You might want to edit that... The softcover adventures are NOT 6.99... I got excited until I clicked the link to see them at what I thought they were, $20-30 a piece...


----------



## Morrus

thundershot said:


> You might want to edit that... The softcover adventures are NOT 6.99... I got excited until I clicked the link to see them at what I thought they were, $20-30 a piece...




Ooops!  Bad copy/paste job from the PDF line!

Yeah, they're print-on-demand - and the 4E ones are all in full colour.  That makes them quite pricey.  But they are gorgeous - I buy them myself.


----------



## EugeneZ

This might also be a good place to mention that those who purchase the PDF get access to the Fantasy Grounds 2 Virtual Tabletop version for free! There are links to the modules on the WotBS front page.


----------



## Dracomaxis

*Bi-Monthly*

Forgive me for asking this, but Bi-Monthly is not exactally spelled out for me, is it twice a month or once every two months? This just affects how often I want this campaign played, for me to be able to supply the game for my players. Thanks


----------



## Morrus

Dracomaxis said:


> Forgive me for asking this, but Bi-Monthly is not exactally spelled out for me, is it twice a month or once every two months? This just affects how often I want this campaign played, for me to be able to supply the game for my players. Thanks




"Bi-monthly" means once every two months.

They take longer to write than they do to play, unfortunately!


----------



## sfedi

Morrus said:


> "Bi-monthly" means once every two months.
> 
> They take longer to write than they do to play, unfortunately!



Not for me


----------



## andrewnotandy

*Subscribed to WotBS Help*

I subscribed using an old form of subscription and I can't get access to the content.  Going to the downloads section just sends me to the EnWorld subscription service, not the WotBS 4e subscription service.  How do I get access to these pdfs?


----------



## Morrus

andrewnotandy said:


> I subscribed using an old form of subscription and I can't get access to the content. Going to the downloads section just sends me to the EnWorld subscription service, not the WotBS 4e subscription service.
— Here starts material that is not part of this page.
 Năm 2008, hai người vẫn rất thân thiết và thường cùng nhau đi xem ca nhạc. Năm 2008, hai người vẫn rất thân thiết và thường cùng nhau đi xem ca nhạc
How do I get access to these pdfs?




The link you had when you subscribed is still valid.


----------



## tjiddy

Morrus said:


> "Bi-monthly" means once every two months.
> 
> They take longer to write than they do to play, unfortunately!




I just subscribed and am EXTREMELY excited for this campaign.  As a new subscriber, I have a couple of questions

Why can I buy the PDF of WotBS 4E #2: The Indomitable Fire Forest of Innenotdar from Lulu, but not download it in the Subscribers Content area yet?  (WotBS 4E #3: Shelter from the Storm as well for that matter)  It sounds more like a marketing decision to make us pay more if we want them before the alloted 2 months are up, not the fact that they simply are not ready yet as the above quote insinuates. Is this correct or am I looking in the wrong place for the newer PDFs?
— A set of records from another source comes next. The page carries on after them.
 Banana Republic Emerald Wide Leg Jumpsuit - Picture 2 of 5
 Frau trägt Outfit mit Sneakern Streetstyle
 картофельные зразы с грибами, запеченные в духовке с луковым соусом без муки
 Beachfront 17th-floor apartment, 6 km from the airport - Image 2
I did need the second adventure before the end of December, so I purchased the $6.99 version from LuLu and the PDF I got was missing the front cover.  The cover even showed when I previewed the PDF on their site.  This is a very minor gripe, but sucks as I print them out and spiral bind them with a clear cover. Was this intentional?
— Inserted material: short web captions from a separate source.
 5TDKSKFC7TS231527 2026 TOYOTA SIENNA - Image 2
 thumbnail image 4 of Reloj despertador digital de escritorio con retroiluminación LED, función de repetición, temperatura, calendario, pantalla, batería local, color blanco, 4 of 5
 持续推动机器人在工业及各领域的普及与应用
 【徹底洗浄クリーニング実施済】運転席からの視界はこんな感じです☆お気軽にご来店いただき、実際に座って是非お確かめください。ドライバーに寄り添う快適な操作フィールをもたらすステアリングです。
HUGELY minor nit-pick, but in the Subscribers Content area, there are keywords applied to the players guide and campaign guide, but not to the actual adventure itself so the filtering doesn't really work. Also, a 4E keyword would be nice. 

Lastly, as far as battlemaps go, a lot of idiots like myself struggle at printing huge jpgs and having the squares end up really being 1".  With PDF's like the 3.5 battlemaps, its a no brainier, just hit print.  Any way we could see PDF battlemaps for the 4e maps?

I'm absolutely LOVING the adventures and appreciate all the time and effort you guys have put into the product


----------



## Morrus

tjiddy said:


> Why can I buy the PDF of WotBS 4E #2: The Indomitable Fire Forest of Innenotdar from Lulu, but not download it in the Subscribers Content area yet? (WotBS 4E #3: Shelter from the Storm as well for that matter) It sounds more like a marketing decision to make us pay more if we want them before the alloted 2 months are up, not the fact that they simply are not ready yet as the above quote insinuates. Is this correct or am I looking in the wrong place for the newer PDFs?




It's because of the order of events. People who subscribed on RPGNow etc. did so long before and paid more. So they get them before the ENW subscribers. I can't choose not to put them on RPGNow according to that schedule because I have to honour the original subscriptions.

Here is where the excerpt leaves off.